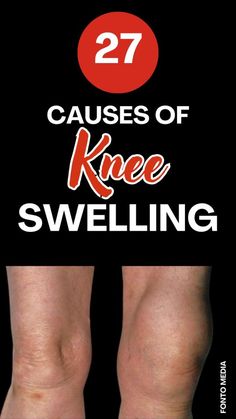 Explore the various causes of knee swelling with this comprehensive list of 27 potential factors. From injuries and arthritis to infections and underlying health conditions, understand the reasons behind knee swelling to better address symptoms and seek appropriate treatment. Empower yourself with knowledge for better knee health! Swollen Knee Remedies, Fluid On The Knee, Knee Pain Remedies, Healing Cavities, Knee Sprain, Knee Swelling, Knee Workout, Knee Pain Relief Remedies, Knee Health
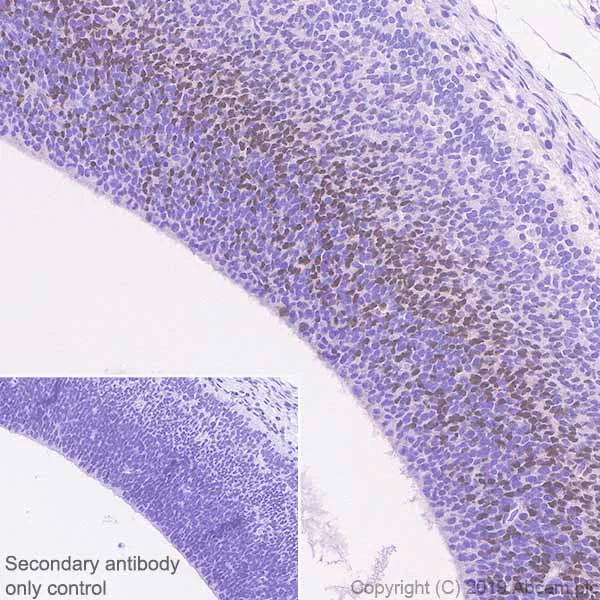 Immunohistochemistry (Formalin/PFA-fixed paraffin-embedded sections) - Anti-TBR2 / Eomes antibody [EPR21950-241] (AB216870)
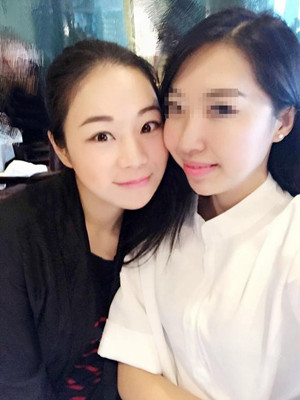 做完高强度聚焦超声之后都说我变漂亮了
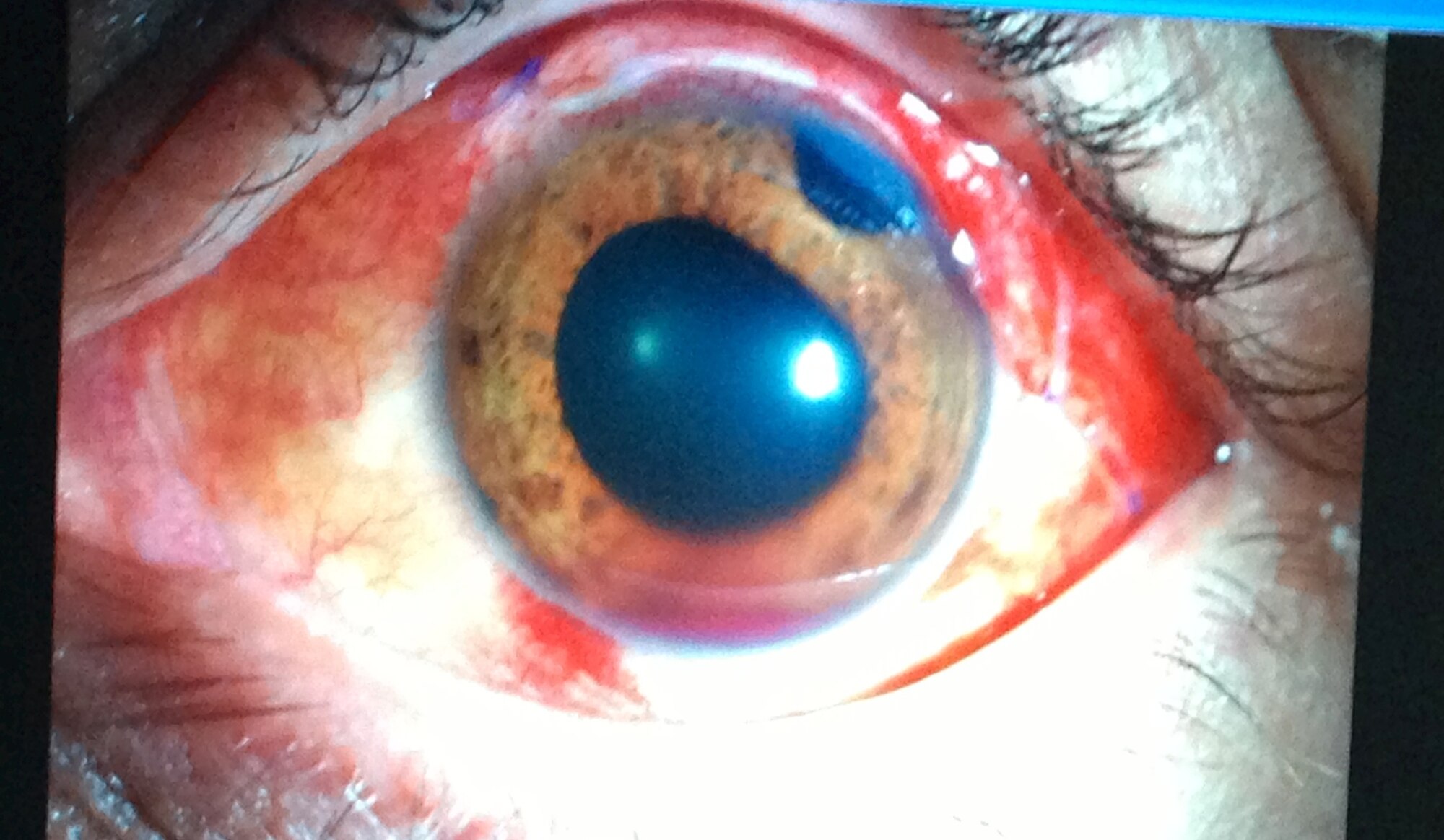 This picture shows Technical Sgt. Chris Hart, 647th Force Support Squadron unit training manager's eye after his surgery to remove cancerous melanoma. Hart received treatment at the University of California, San Francisco on Aug. 8 and is currently recovering in the local area. (Courtesy photo)
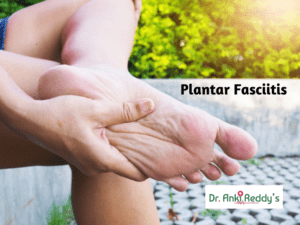 Best Treatment for Plantar Fasciitis Often known as Heel Pain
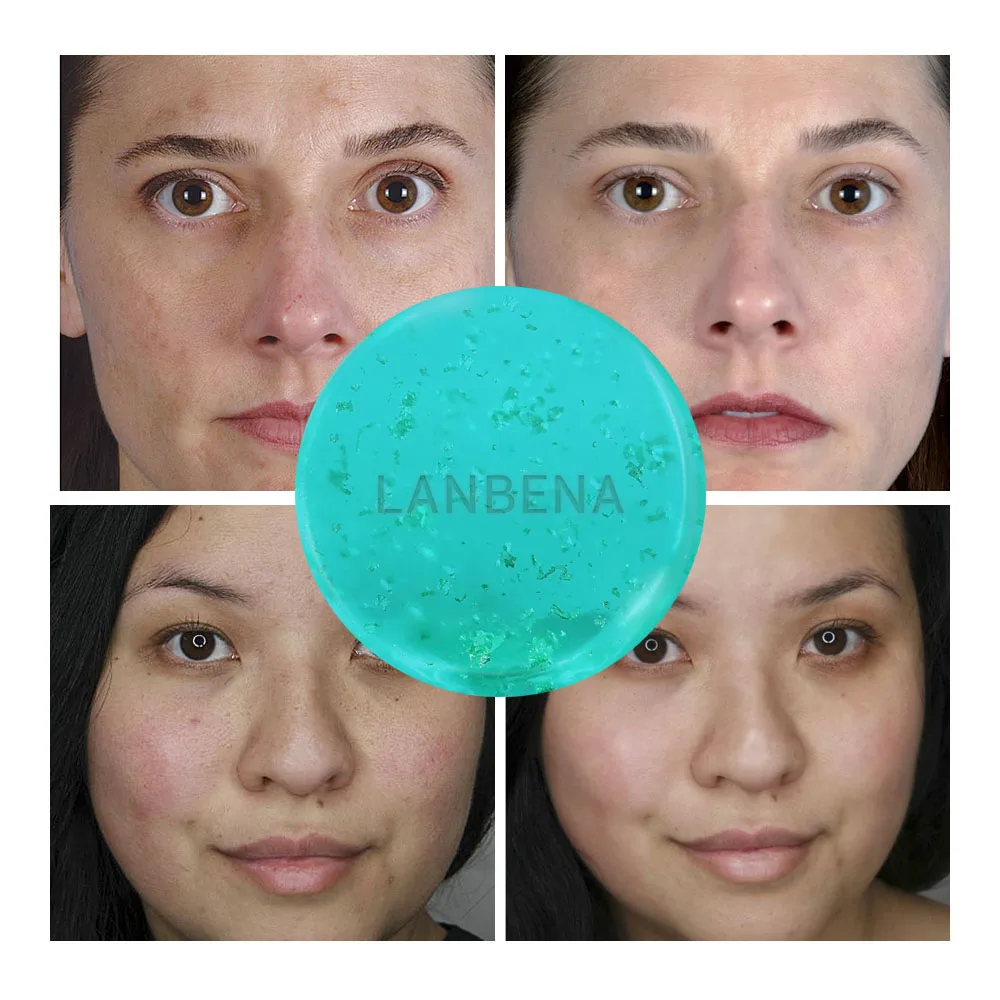 LANBENA 3 модели ручной работы мыло масло от акне Управление Отбеливающее эфирное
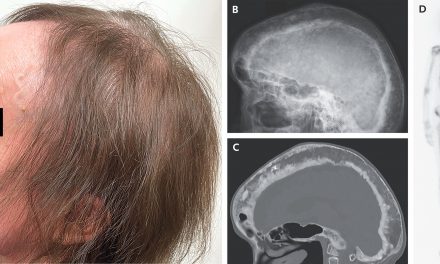 Paget’s Disease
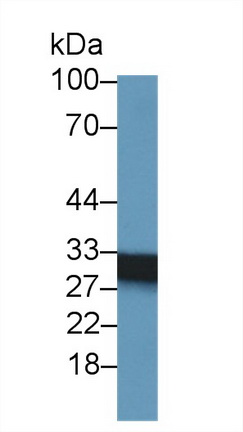 Polyclonal Antibody to Succinate Dehydrogenase Complex Subunit B (SDHB)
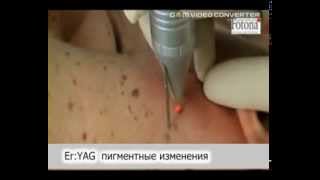 Лазерное удаление пигментации в Пятигорске.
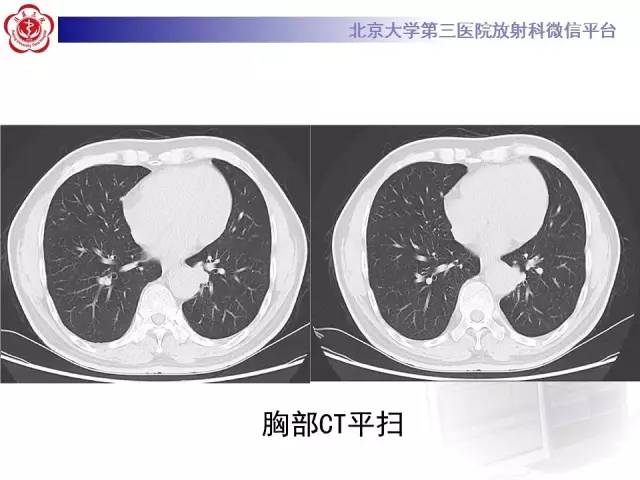 【病例】肺隔离症1例CT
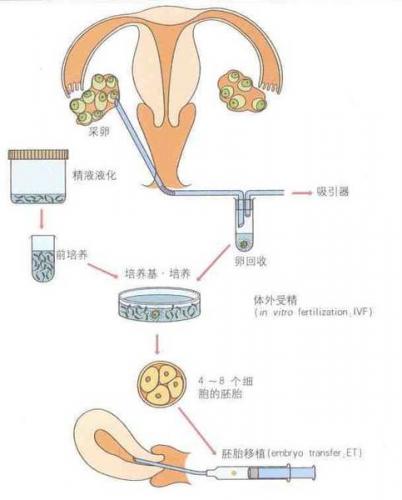 女性接受借精供卵有什么要求？应注意这几点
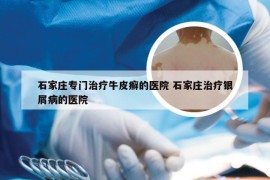石家庄专门治疗牛皮癣的医院 石家庄治疗银屑病的医院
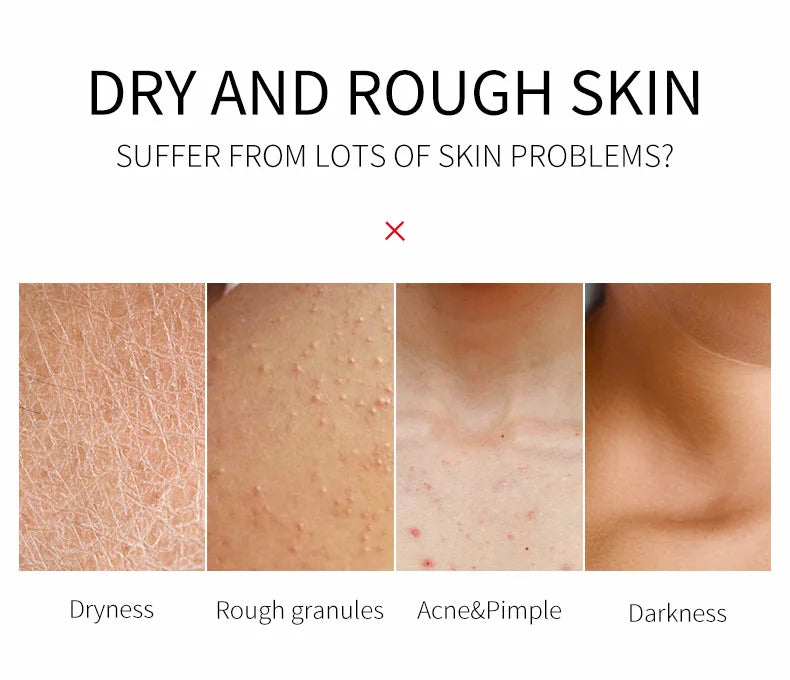 Shea Butter Exfoliating Scrub Cream Face Body Deep Pores Avocado Smooth Treatment Cleansing Wash Peach Acne Face Whitening
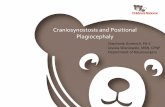 Craniosynostosis and Positional Plagiocephaly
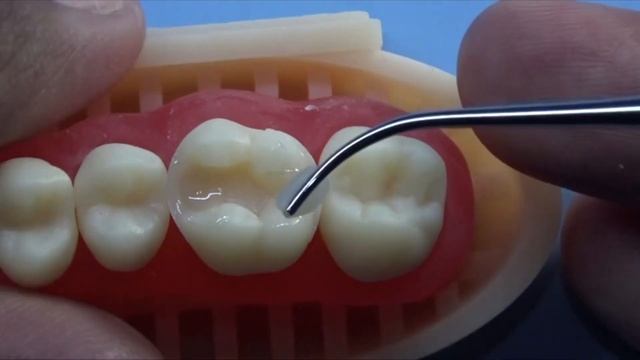 Practice Class II Composite Restoration | General Dentist Griya RR смотреть онлайн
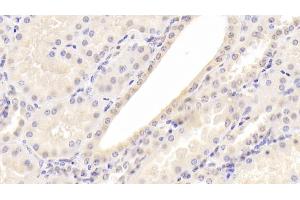 Detection of a2PI in Human Kidney Tissue using Monoclonal Antibody to Alpha 2-Antiplasmin (a2PI) (alpha 2 Antiplasmin 抗体)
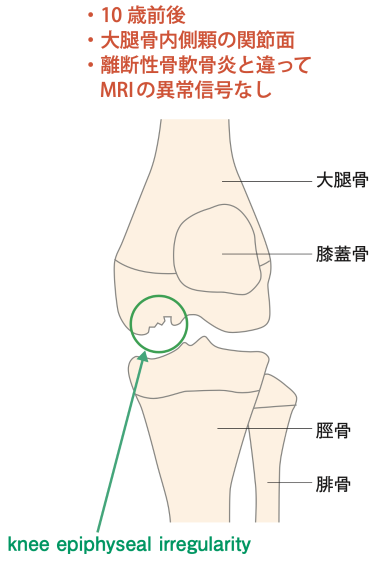図5 knee epiphyseal irregularity(femoral cortical irregularity)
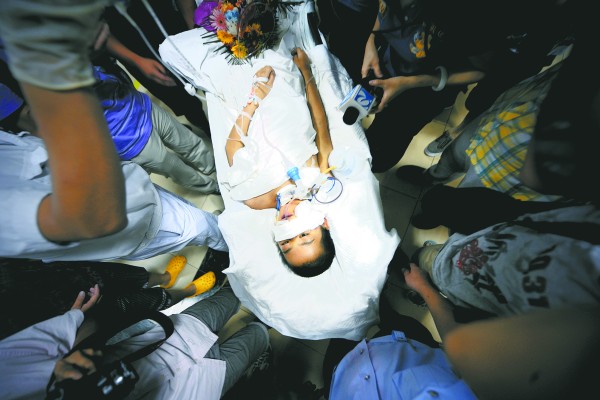 山东13岁男孩肛门被气泵击穿 受害细节被公布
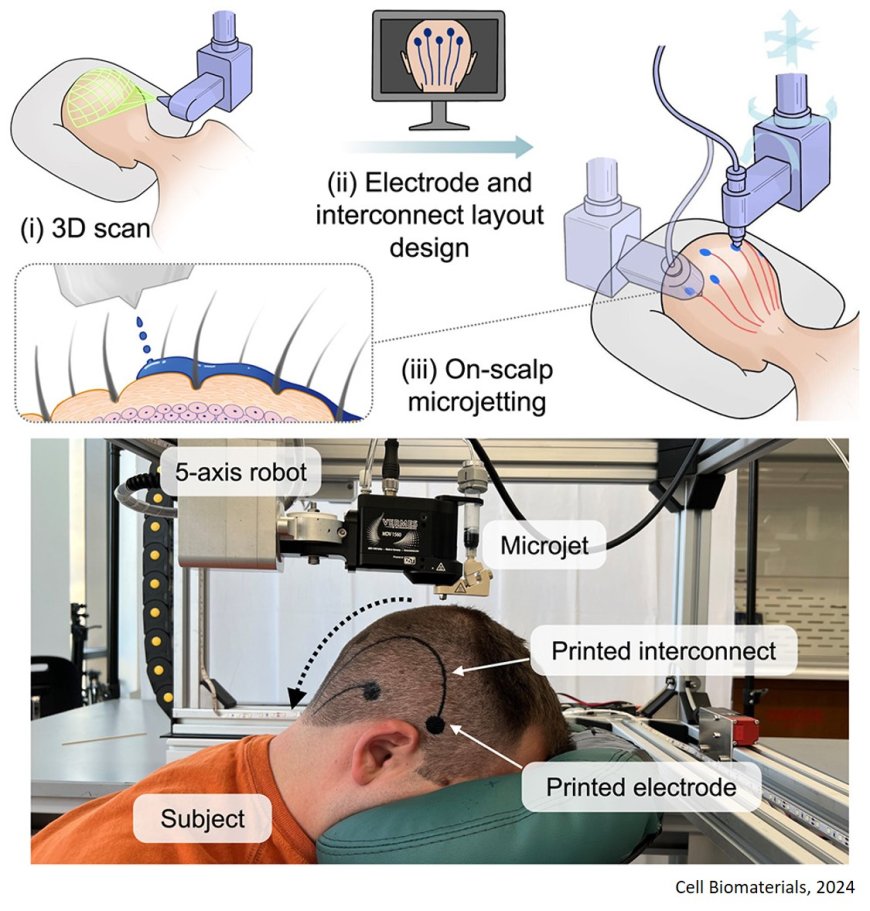 On-scalp printing of personalized electroencephalography e-tattoos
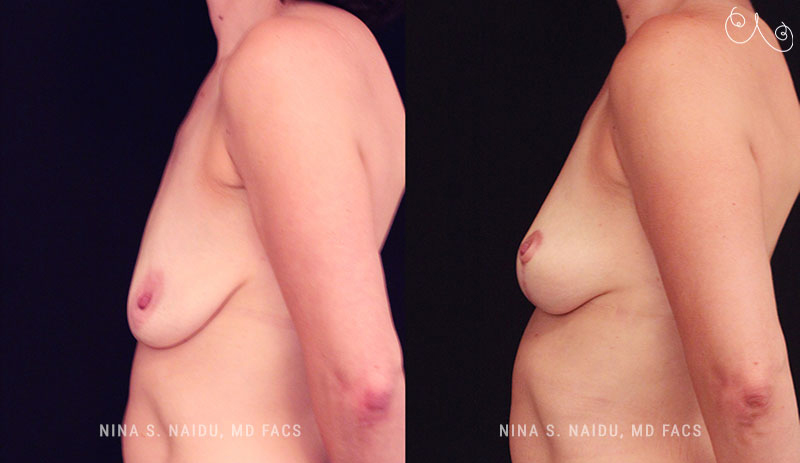 Breast Lift Before & After - Dr. Nina Naidu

+-------+

WORK REQUIRED: Transcribe the records above exactly, excluding every picture.

RESULT OF THE EXERCISE:
 Explore the various causes of knee swelling with this comprehensive list of 27 potential factors. From injuries and arthritis to infections and underlying health conditions, understand the reasons behind knee swelling to better address symptoms and seek appropriate treatment. Empower yourself with knowledge for better knee health! Swollen Knee Remedies, Fluid On The Knee, Knee Pain Remedies, Healing Cavities, Knee Sprain, Knee Swelling, Knee Workout, Knee Pain Relief Remedies, Knee Health
 Immunohistochemistry (Formalin/PFA-fixed paraffin-embedded sections) - Anti-TBR2 / Eomes antibody [EPR21950-241] (AB216870)
 做完高强度聚焦超声之后都说我变漂亮了
 This picture shows Technical Sgt. Chris Hart, 647th Force Support Squadron unit training manager's eye after his surgery to remove cancerous melanoma. Hart received treatment at the University of California, San Francisco on Aug. 8 and is currently recovering in the local area. (Courtesy photo)
 Best Treatment for Plantar Fasciitis Often known as Heel Pain
 LANBENA 3 модели ручной работы мыло масло от акне Управление Отбеливающее эфирное
 Paget’s Disease
 Polyclonal Antibody to Succinate Dehydrogenase Complex Subunit B (SDHB)
 Лазерное удаление пигментации в Пятигорске.
 【病例】肺隔离症1例CT
 女性接受借精供卵有什么要求？应注意这几点
石家庄专门治疗牛皮癣的医院 石家庄治疗银屑病的医院
 Shea Butter Exfoliating Scrub Cream Face Body Deep Pores Avocado Smooth Treatment Cleansing Wash Peach Acne Face Whitening
 Craniosynostosis and Positional Plagiocephaly
 Practice Class II Composite Restoration | General Dentist Griya RR смотреть онлайн
 Detection of a2PI in Human Kidney Tissue using Monoclonal Antibody to Alpha 2-Antiplasmin (a2PI) (alpha 2 Antiplasmin 抗体)
図5 knee epiphyseal irregularity(femoral cortical irregularity)
 山东13岁男孩肛门被气泵击穿 受害细节被公布
 On-scalp printing of personalized electroencephalography e-tattoos
 Breast Lift Before & After - Dr. Nina Naidu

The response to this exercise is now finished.